Unless you set the service to type=oneshot you can only have one ExecStart, remove the first empty ExecStart in your override dropin and try again.

Unless Type= is oneshot, exactly one command must be given. When Type=oneshot is used, this setting may be used multiple times to define multiple commands to execute.

I don’t think you need the empty one to reset if that is the reason you have it there, I think the dropin will override the original ExecStart

That is why it was there. But it won’t start with the one line either:
”Unit chronyd.service has a bad unit file setting”

Thank you. I wondered where that was. I added -4 there as suggested and restarted, it seems happy.
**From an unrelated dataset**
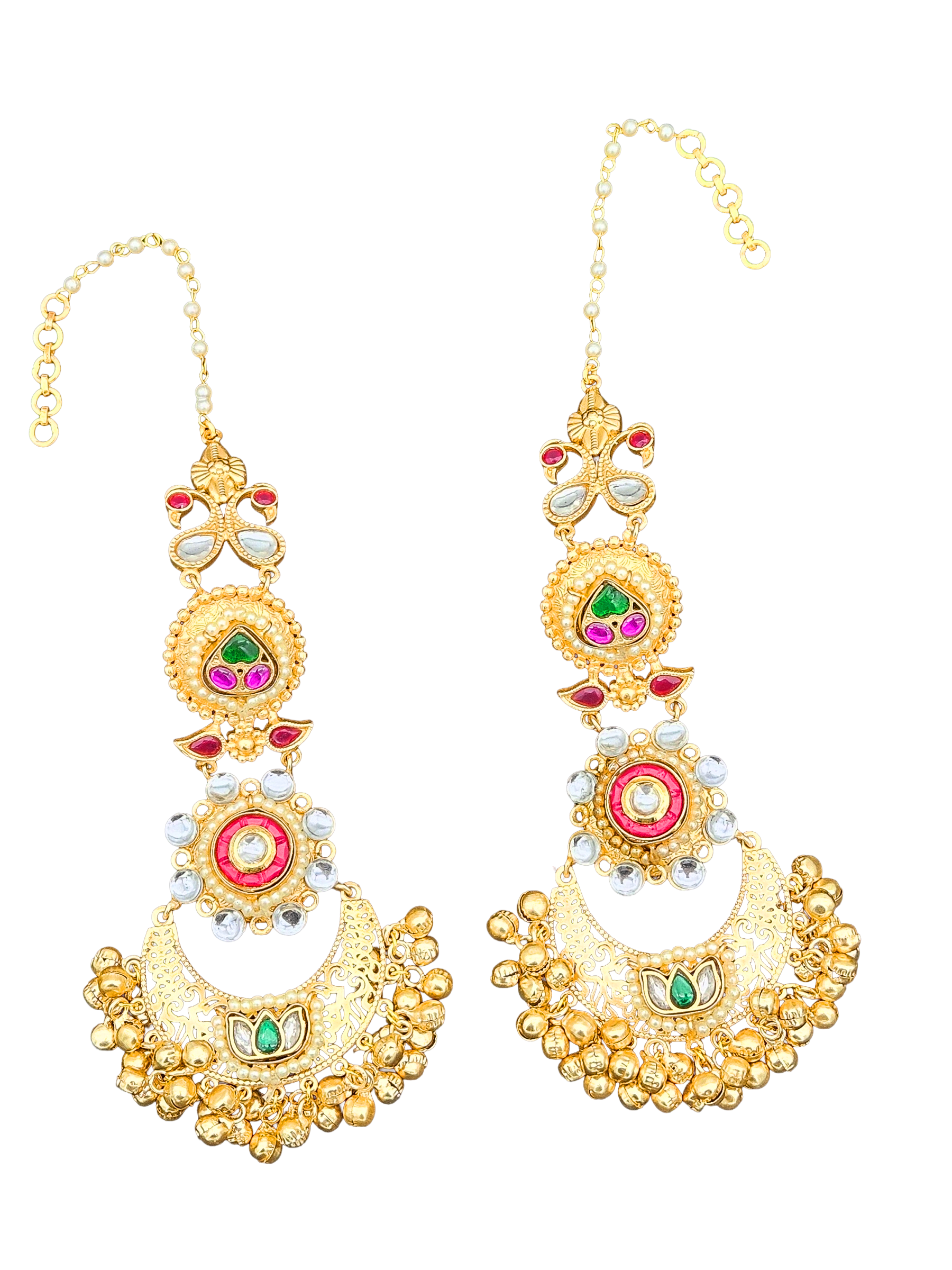 Elegant  Antique Gold Long Kundan-Polky-Red Glass Stone Motif- Pearl Dangle Earring with Ear Chain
But I can’t see that it “took”

May 28 22:48:10 tn3 chronyd[4792]: chronyd version 4.8 starting (+CMDMON +REFCLOCK +RTC +PRIVDROP +SCFILTER +SIGND +NTS +SECHASH +IPV6 +DEBUG)
May 28 22:48:10 tn3 chronyd[4792]: Frequency 13.611 +/- 0.028 ppm read from /var/lib/chrony/drift
May 28 22:48:10 tn3 chronyd[4792]: Loaded seccomp filter (level 2)
May 28 22:48:14 tn3 chronyd[4792]: Selected source 108.61.73.243 (1.time.constant.com)

I found it:

[root@tn3 /var/log]$ ps -ef | grep chronyd
chrony 5064 1 0 22:56 ? 00:00:00 /usr/sbin/chronyd -n -4 -F 2

[root@tn3 /var/log]$ ss -tulpn | grep chronyd
udp UNCONN 0 0 127.0.0.1:323 0.0.0.0:* users:((“chronyd”,pid=5064,fd=4))

Apparently that worked, thank you.

The /etc/sysconfig/ is the place where RHEL has kept (some) config for services for more major versions than I can remember.
They did continue that practice when they shifted to SystemD.

Today I learned you need to reset ExecStart in an override, thank you!

I have honestly never changed ExecStart in an override, so thank you for that information!